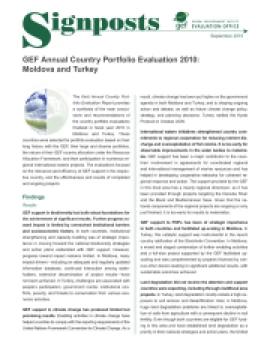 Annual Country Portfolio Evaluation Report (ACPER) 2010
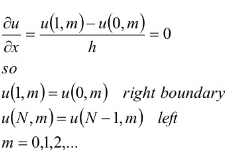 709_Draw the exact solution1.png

...

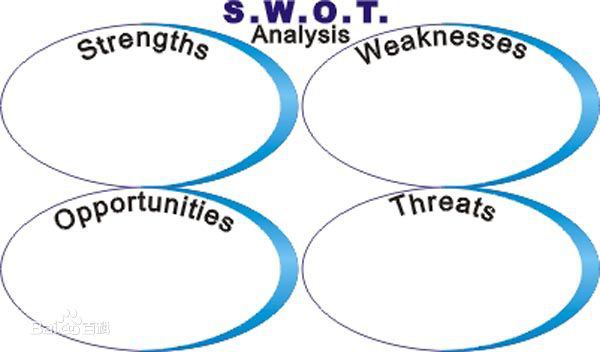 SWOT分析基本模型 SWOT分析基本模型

- Task to complete: Each line above that falls between the line with "Annual Country Portfolio" and the line with "709_Draw the exact solution1.png" should be printed exactly, together with those two lines, but the pictures should not.

- Your response:
 Annual Country Portfolio Evaluation Report (ACPER) 2010
 709_Draw the exact solution1.png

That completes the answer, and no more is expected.